Cyber Security and Resilience (Network and Information Systems) Bill introduced to Parliament

The United Kingdom's government introduced the Cyber Security and Resilience (Network and Information Systems) Bill (the "Bill") to Parliament on 12 November 2025. The Bill is designed to update and strengthen the existing NIS Regulations 2018 (known as "NIS1") to raise cyber resilience across key parts of the economy, and to give government and regulators more agile powers to respond to evolving threats.

A large portion of the Bill was previewed in the King’s Speech back in July 2024, including that the Bill would expand NIS1 to include regulation of more digital services and supply chains, and introduce new incident-reporting requirements.

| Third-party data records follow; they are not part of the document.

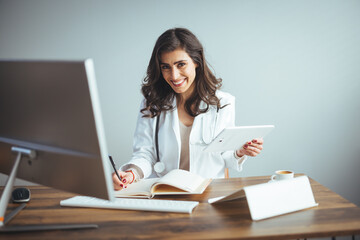 Doctor working at office desk. Female doctor sitting at the table writing in documents and working on laptop computer at office. Female doctor in a modern office clinic / hospital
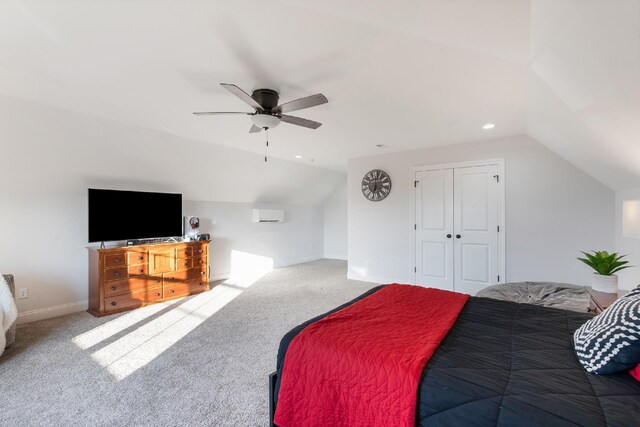 carpeted bedroom featuring ceiling fan, a closet, and lofted ceiling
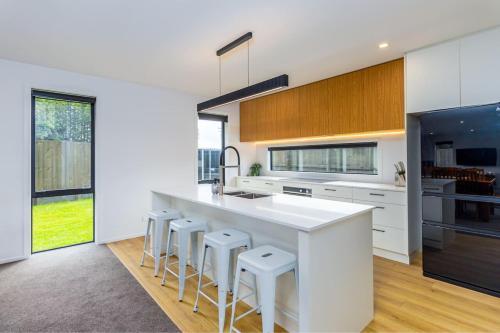 a kitchen with a large white island with bar stools at Elegant, Executive Retreat in Methven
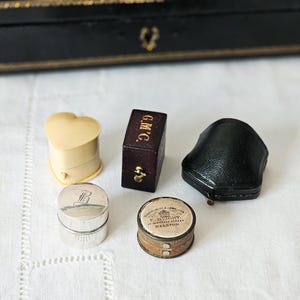 May include: A collection of vintage jewellery boxes and containers. Features a heart-shaped ivory box, a small rectangular box with "G.M.C.", a black leather box, a silver container with "B", and a round container with text.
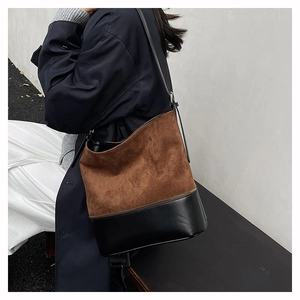 Detail of the large color-block bucket bag showing brown suede and black leather textures
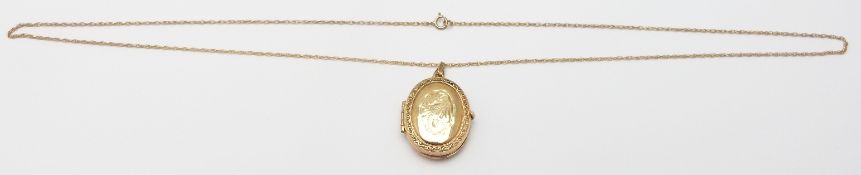 A 9ct gold locket and chain, 3.6g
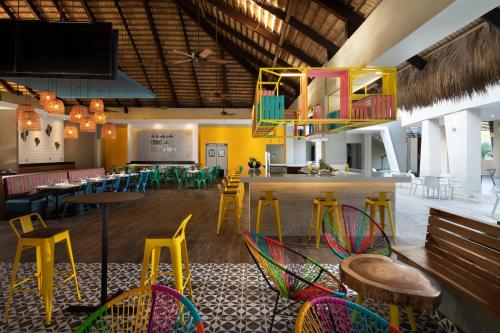 a restaurant with colorful chairs and tables and a bar at Casa Marina Beach & Reef All Inclusive in Sosúa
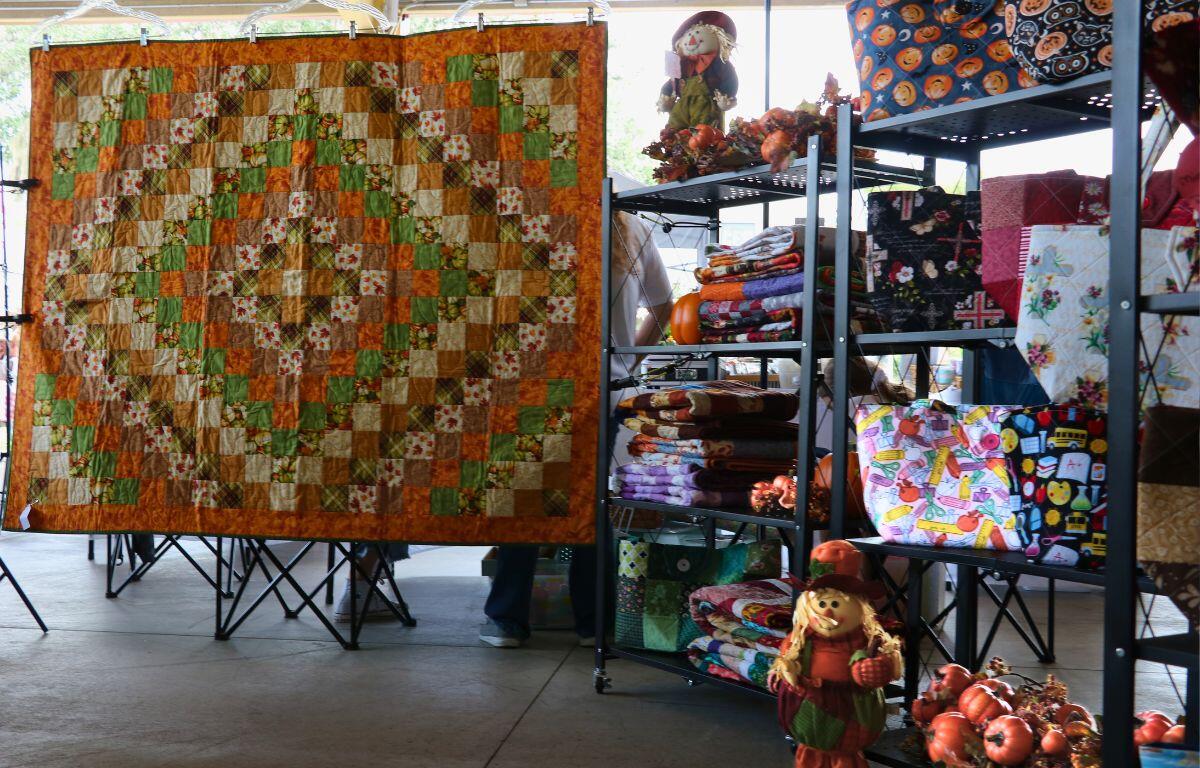 Fall colored quilts, bags and decor are set on shelves with one large quilt being strung up.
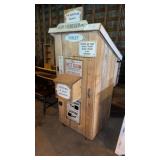 Out house on wheels and signs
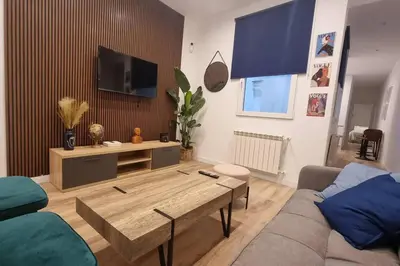 Una televisión o centro de entretenimiento en Apartamento en pleno centro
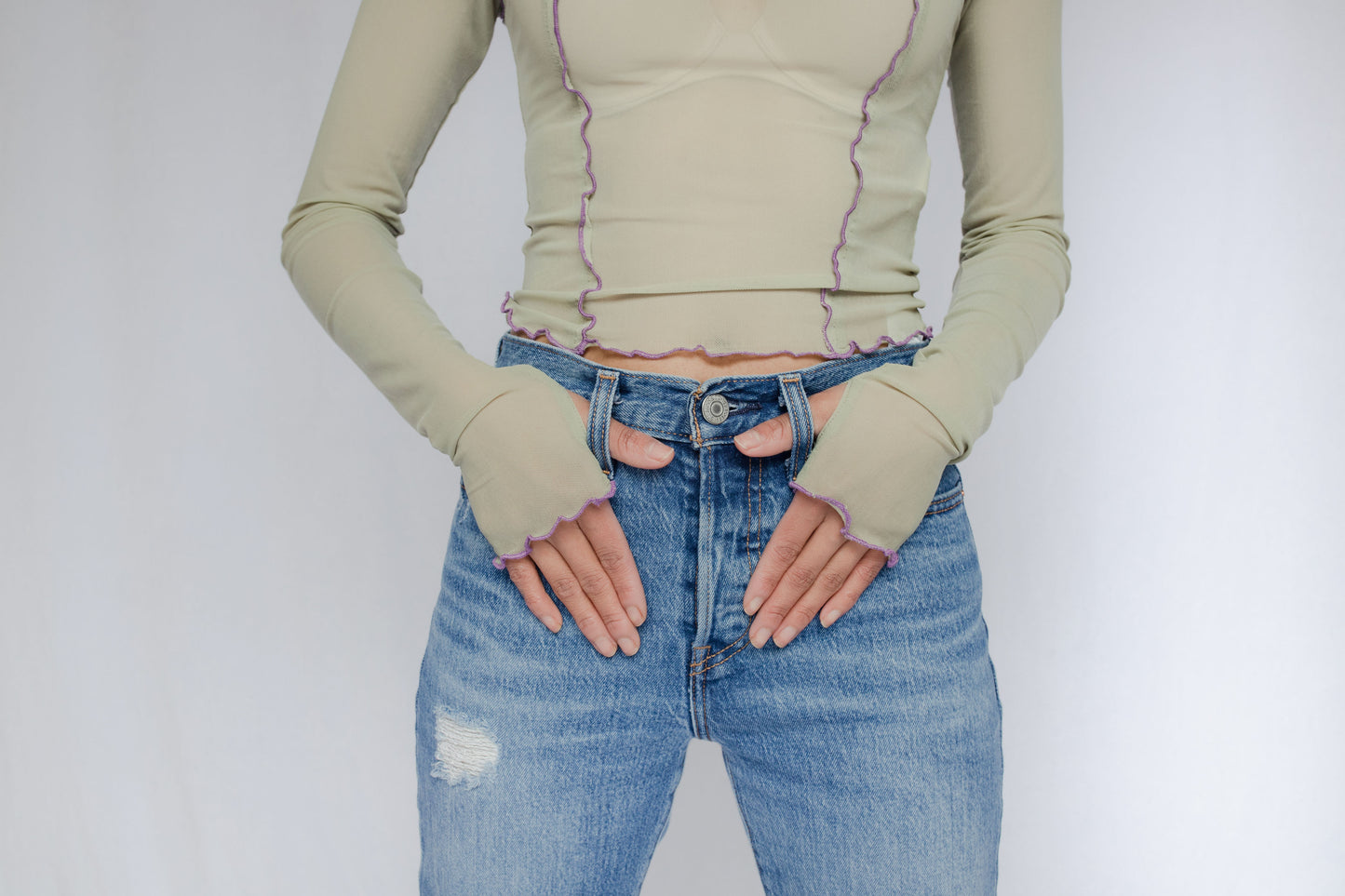 image of model in wavy hem mesh top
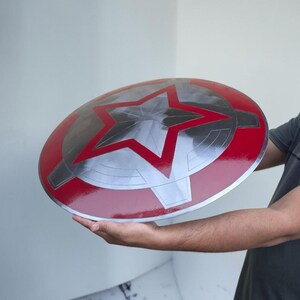 Peut inclure: Un bouclier rond m&eacute;tallique avec un bord rouge et une grande &eacute;toile argent&eacute;e au centre. Le bouclier a une finition brillante. Il s'agit d'un accessoire ou d'un objet de collection.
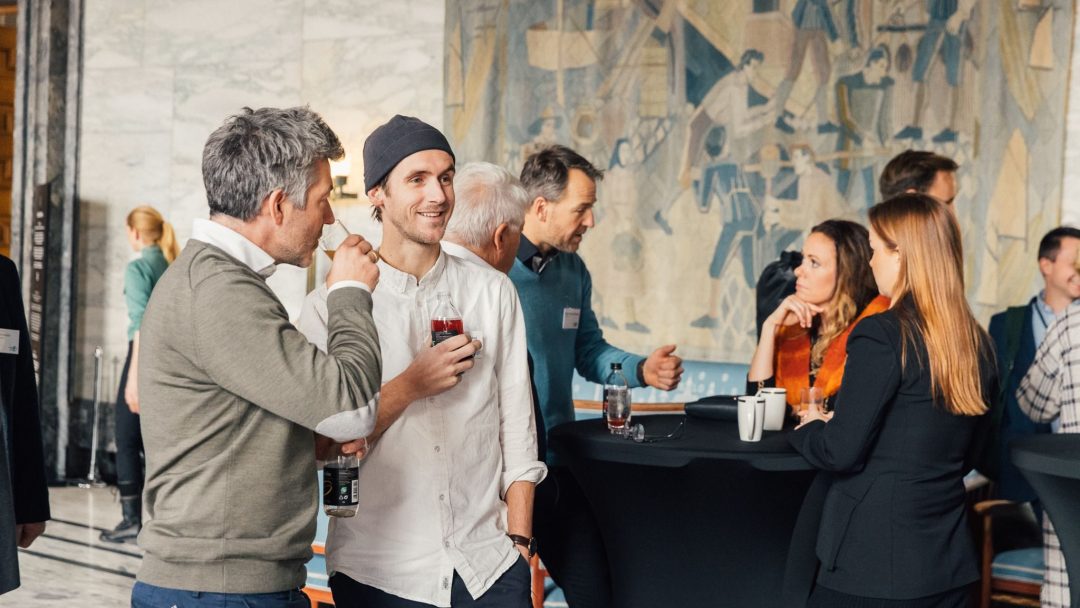 Folk som sosialiserer og drikker på et nettverksarrangement i en formell setting med et stort veggmaleri i bakgrunnen.
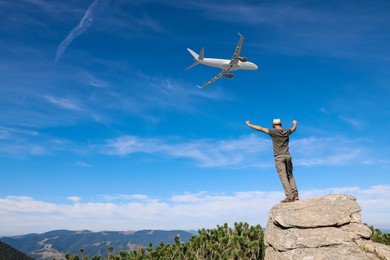 Image of Man on cliff looking at airplane flying in sky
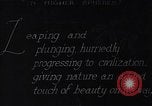 Image of waterfall and wild flowers United States USA, 1920, second 10 stock footage video 65675035759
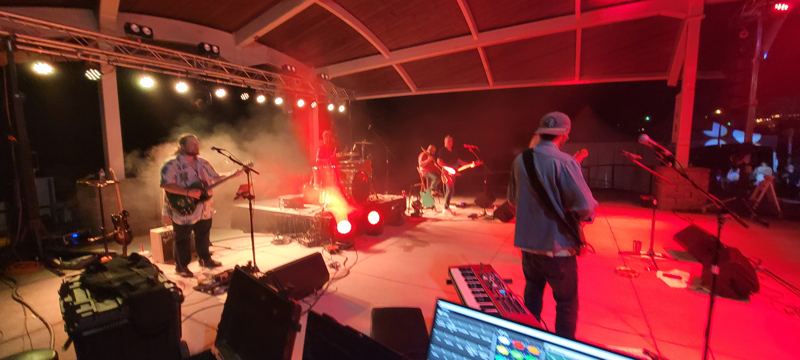 Band playing under a pavilion in red and amber light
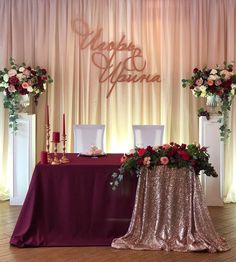 the table is set up with flowers and candles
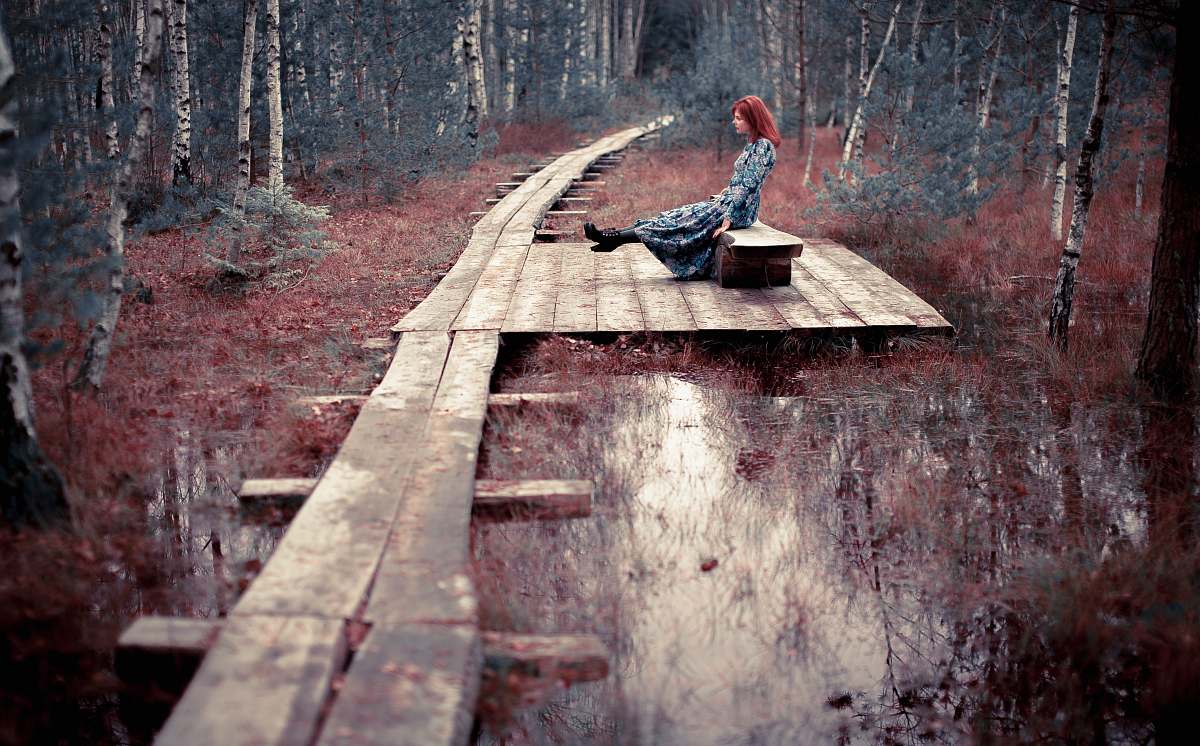 path woman seating on bench boardwalk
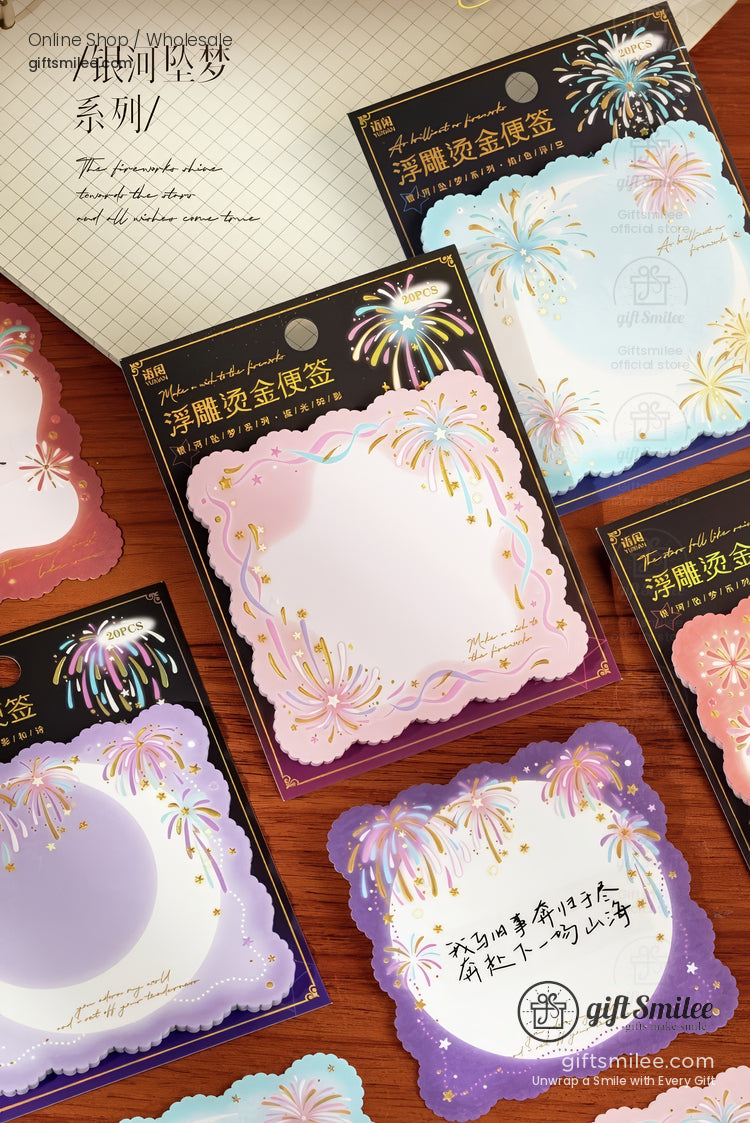 Scallopededge pastel sticky notes with gold foil fireworks design in purple pink and blue tones set on a wooden desk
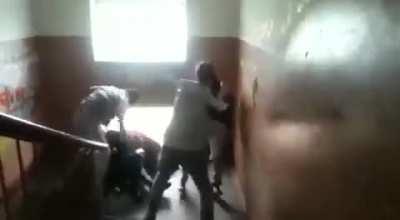 Girl holds her own in a fight with boys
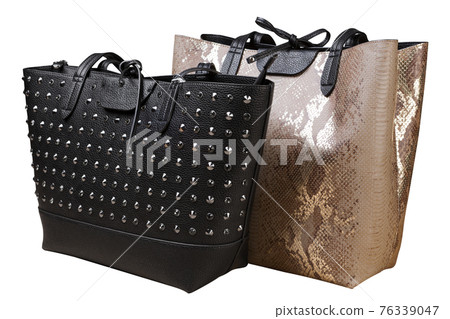 two large women's bags, one beige made of reptile skin, the other black, decorated with metal rivets two large women's bags, one beige made of reptile skin, the other black, decorated with metal rivets 76339047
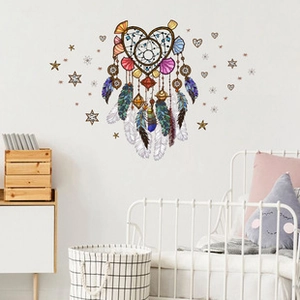 Bohemian heart-shaped dreamcatcher wall sticker with colorful feathers in a cozy bedroom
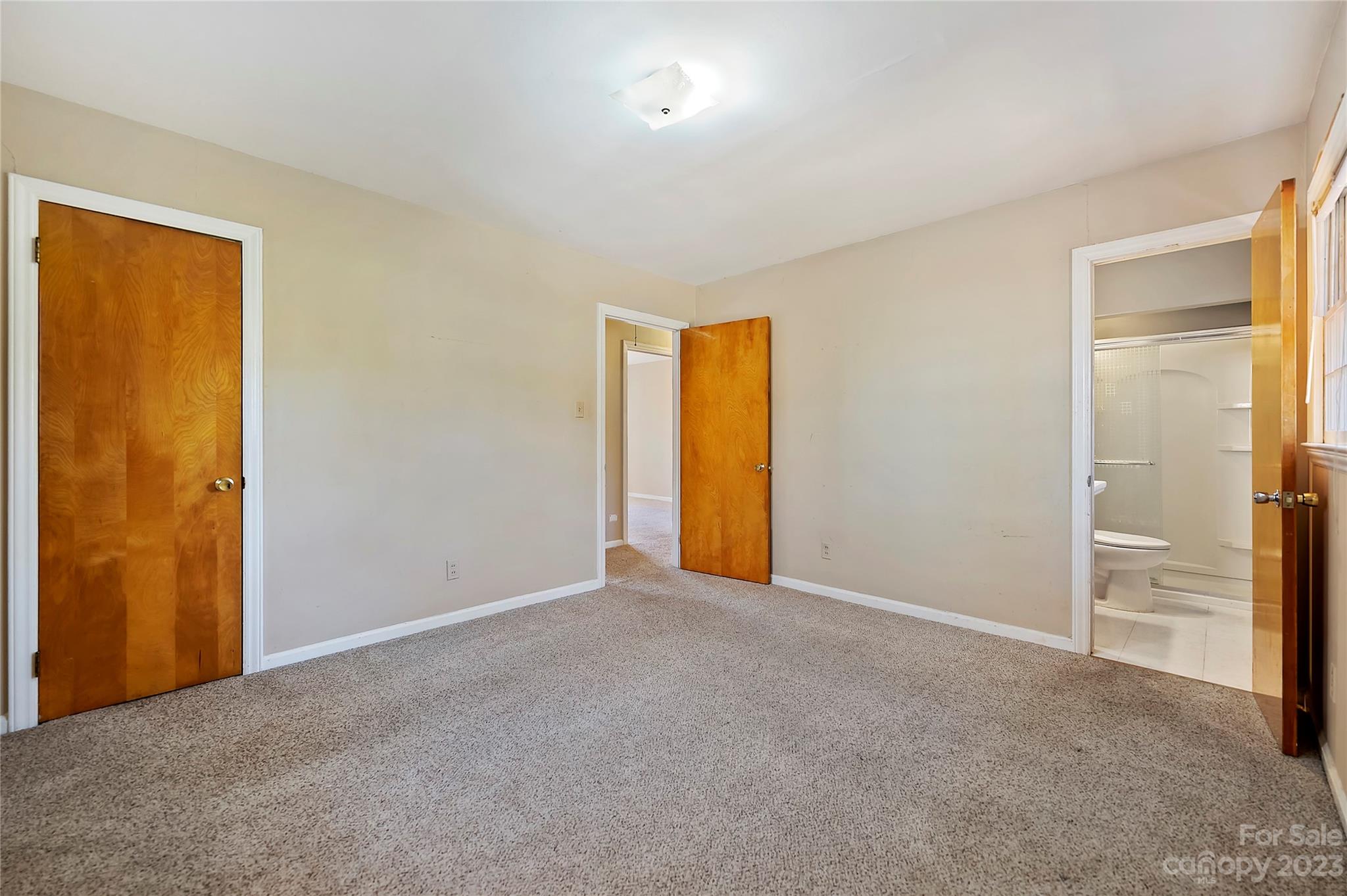 4200 Murrayhill Road Charlotte, NC 28209 - Photo 16 of 29 an empty room with closet and a yard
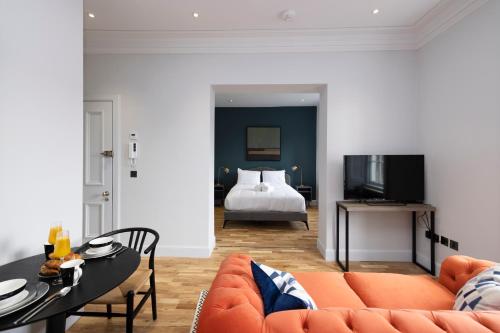 a living room with a couch and a bed at Dragon Suites Luxury Serviced Apartments at Alva Street in Edinburgh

In the European Union,  NIS1 has already been superseded by the Network and Information Security 2 Directive (EU) 2022/2555 ("NIS2"), which entered into force on 16 January 2023 but which is not yet implemented nationally by all member states (We discuss the NIS2 in our August 2024 Legal Update).

Implementation Timing and Stakeholder Engagement

New requirements under the Bill will come into force in stages, with some provisions in force from the first day or the second month after Royal Assent.

Further requirements—including in relation to the appropriate risk management measures to be implemented by regulated entities and the notification of incidents—will be introduced by secondary legislation after consultation; the government expects to consult in 2026.

Increased Scope

The Bill will amend NIS1 to regulate new managed service providers and data centre operators, whether or not they are established in the United Kingdom.

Digital services currently regulated under NIS1 are online marketplaces, search engines and cloud computing services. The Bill will also now apply to Relevant Managed Service Providers ("RMSPs"), providing a broad range of managed ICT services including:

• providing ongoing management of IT systems for a customer (including for support and maintenance, monitoring, or active administration); or
• providing a connection or other access to network and information systems relied on by the customer (whether on premises or remotely).

RMSPs must identify and take appropriate and proportionate measures to manage the risks posed to the security of network and information systems on which it relies, including following relevant guidance from the UK Information Commissioner (the "ICO").

Other obligations on RMSPs under the Bill will include the need to register with the ICO and nominate a UK representative (if not already established in the United Kingdom). There is likely to be a charge associated with this registration. 

Under the Bill, the ICO will also be empowered to designate 'critical suppliers' who are providers of goods or services to operators of essential services, RMSPs, or other relevant digital service providers. This will be subject to a consultation procedure.

Incident Reporting

The definition of 'Incident' under the Bill now includes those 'capable of having an adverse effect' (rather than those with 'an actual adverse effect') on the regulated services.

Entities regulated by NIS1 and the Bill will need to provide to their competent authority:

• An initial report within 24 hours from first awareness. This must include the name of the entity, affected services and brief details of the incident;
• A full notification within 72 hours from first awareness; and
• Where customers are 'likely to be adversely affected,' notify them as soon as reasonably practicable.

The relevant authorities are empowered to share information with non-UK regulators; e.g. those responsible for NIS2 in the European Union.

Enforcement

The Bill imposes new maximum penalties corresponding to the two new bands. For more serious breaches, the maximum penalty is up to £17 million, or 4% of a regulated entity’s worldwide turnover, whichever is higher. For less serious breaches, the maximum penalty is up to £10 million, or 2% of a regulated entity’s worldwide turnover, whichever is higher.

Next steps

We recommend some immediate and practical actions for businesses to consider in response to the Bill:

• Understand scope: Understand whether your services are likely to be a 'managed service', whether you may otherwise be an 'operator of essential services' and are prepared to consult on your status as a critical supplier if necessary.
• Map and harden supply chains: Conduct a supplier inventory and criticality assessment. Identify suppliers that, if compromised, would disrupt your services. Ensure contracts across your supply chain include appropriate cyber controls, incident notification and audit/cooperation rights.
• Prepare for regulator engagement and potential charges: Expect stronger enforcement and clearer penalties; regulators will also be able to recover more of their costs. Budget for compliance, legal and reporting costs and put plans in place to engage early with the relevant competent authority.
• Review cyber insurance and business continuity plans: Update notification-triggers in relevant incident response and continuity procedures to align with potential faster reporting to regulators.

Ransom Ban

While businesses are considering their incident response procedures in light of this Bill, they may also want to note the government's response to its consultation about ransomware legislative proposals, such as reducing payments to cyber criminals and increasing incident reporting. The response indicates that a targeted ban on ransomware payments, including for owners and operators of critical national infrastructure (which may include entities regulated by this Bill), would be well-received.